Ballots shape more than just the activity. 


Debate is the only activity where you really can sometimes just “work harder” in order to win more, and there’s (at least perceived) almost a direct translation between the two. But is that promise of success really worth what we sacrifice? 


It seems the halls of the debate community always echo with the sentiment that that success is everything and that one's value as a debater isn’t really anything if you don’t have TOC Bids, qualifications to the various tournaments like TOC, Nats, TFA, or high elo on a random ranking site. While debate may be “fun”, “educational”, or any other benefit that people debating put onto it, ultimately at the end of every debate there’s a winner and a loser. 

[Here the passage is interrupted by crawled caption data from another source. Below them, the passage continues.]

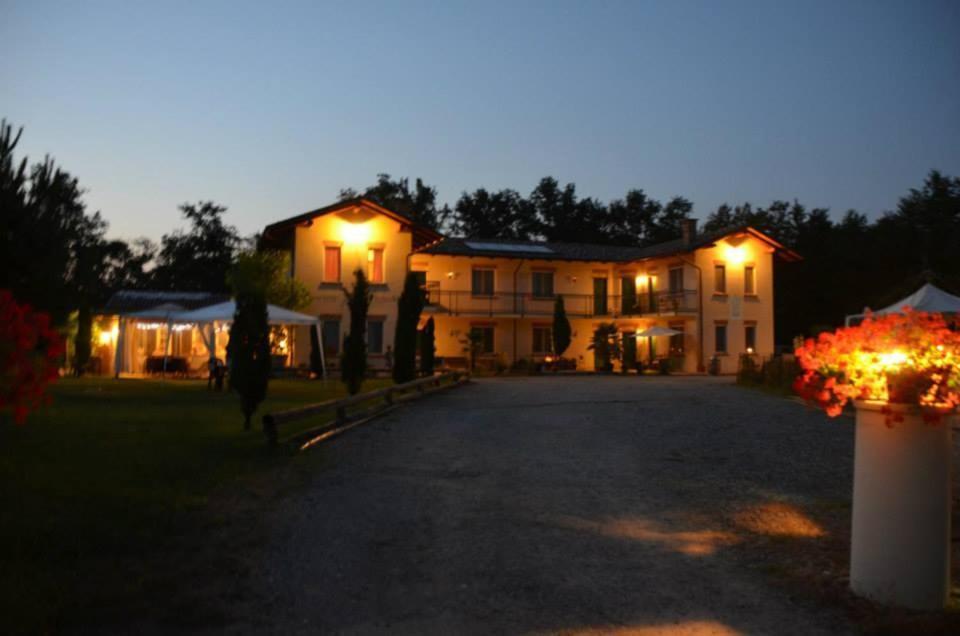 Cascina Vignole Villa Montafia Exterior photo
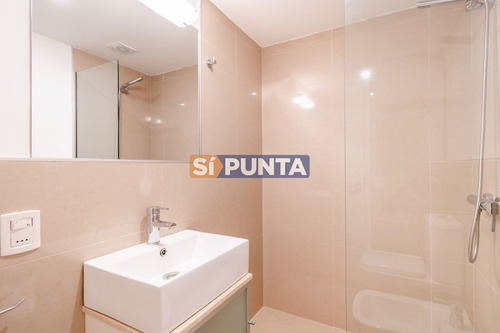 Imagen 10 de 28 de Apartamento De Tres Dormitorios En Suite En Venta Con Vista El Mar En Primera Línea Playa Brava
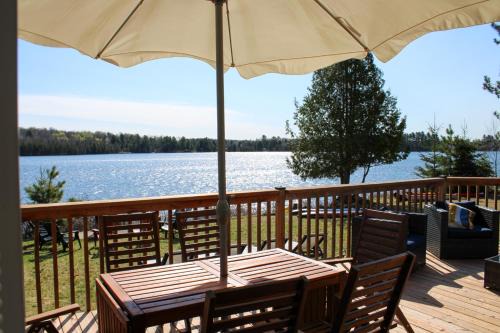 Lake House Chalet Laurentians in Nominingue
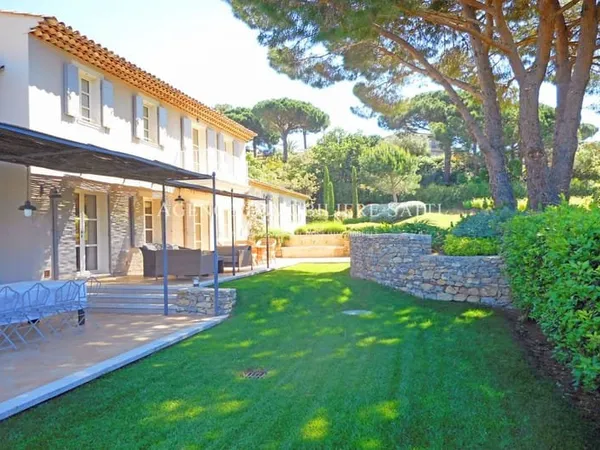 Maison 10 pièces 380 m²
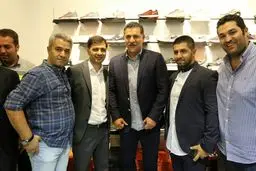 اکسیژنی ها در مراسم افتتاح شعبه جدید فروشگاه دایی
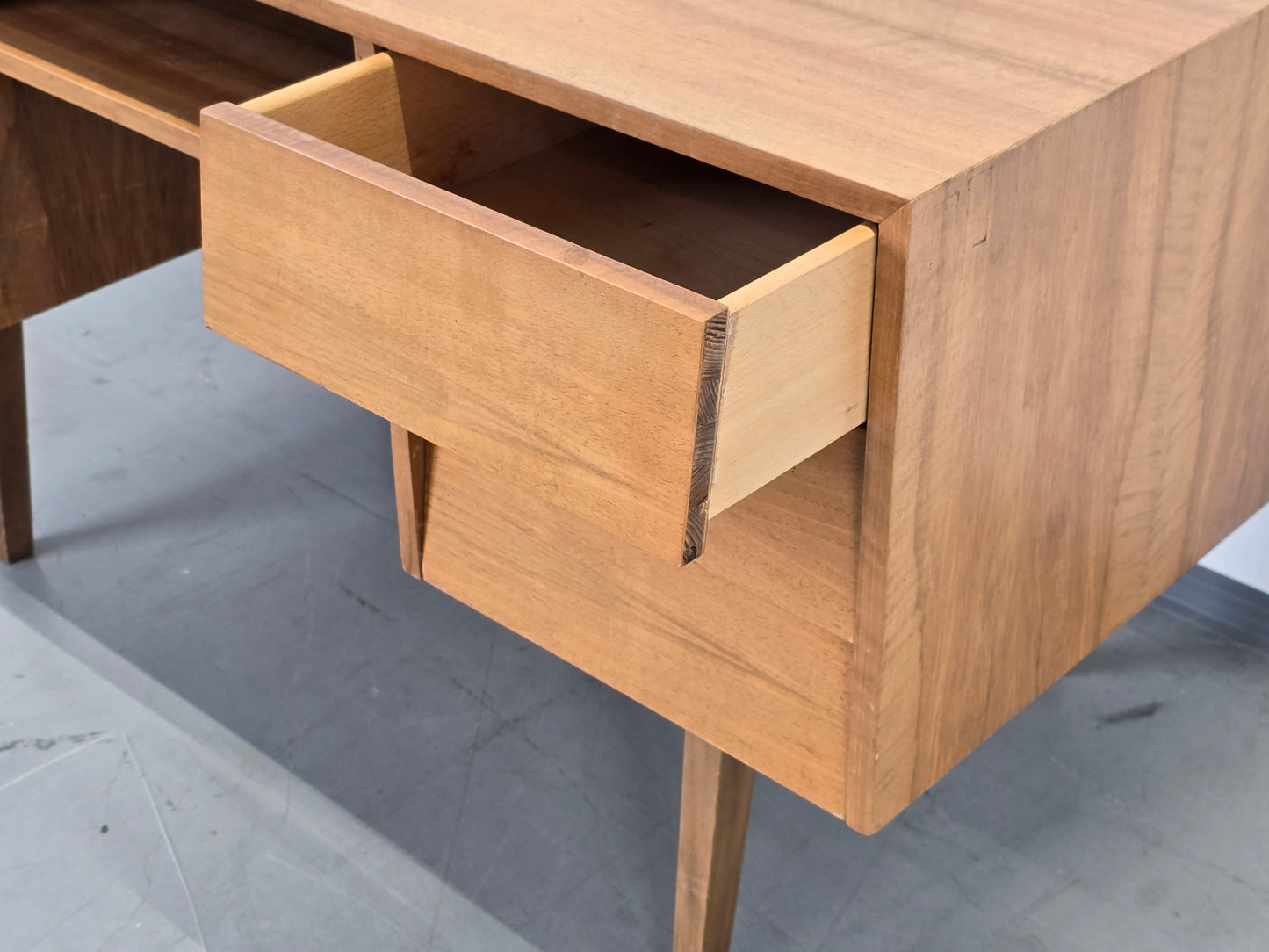 VINTAGE NUSSBAUM SCHREIBTISCH tisch büro holz mid century 1960er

The “ballot constraint” makes it so that the competitive nature of the activity kinda overpowers almost every other factor because people don’t like losing, so eventually people develop to searching for the best method to win, eventually carving out their own “niche.” Think of a K debater, LARPers, or theory debaters. Most often the reason people fall into these groups is because they think they can do their best at that style of debate, and thus accrue the most ballots. 


The large issue with the entire system is that people really like winning, and no matter what kind of debater you are, the more work you do, the more likely you are to win. No one comes out of the womb being able to give a really persuasive final focus, or a 2NR that just completely leaves the 2AR with no path to victory. These skills are developed after a combination of both experience and work, but they intertwine. 


Is it really all worth it though? The work often manifests in hours of drills, sacrificing the precious downtime at tournaments to think over RFDs from previous rounds and examine flows, or for some people it even manifests in cutting hundreds of cards with the idea that it increases the possibility of having the right piece of evidence at the right time to respond to the right case. For some debaters who really want to win, it will be a combination of all these things and more.


But success isn’t all we claim it to be, especially when it bleeds into other aspects of our life. Debaters I know eventually start cutting cards in class, push off/procrastinate on homework, and quit basically every other extracurricular activity they have in favor of debate, because winning really is addicting for some people, especially with the debate community’s almost reinforcing of it with the aforementioned “skill metrics” and outside validation.


This culture of success affects those who don’t participate as well, often leading to burnout when they constantly feel like they just aren’t good enough because they don’t have the accolades of their peers, even when they do actually put in the same amount of effort as them. It’s almost a double bind of “Do I work really hard and feel like shit” or “Do I try to cut myself some slack and feel like shit because I’m not growing at the pace of those around me.? 


A lot of debaters need to reconsider how much success really means to them. Debate, for a lot of us, leaves our lives after the 4 years of high school, even for the most committed it’s done after the 4 years of college unless you’re one of the rare few who goes so far as to coach others beyond your college career. After you graduate, you really won’t remember what happened in doubles of that random bid tournament, but you will remember your mental state throughout your years of high school, and that’s far more important.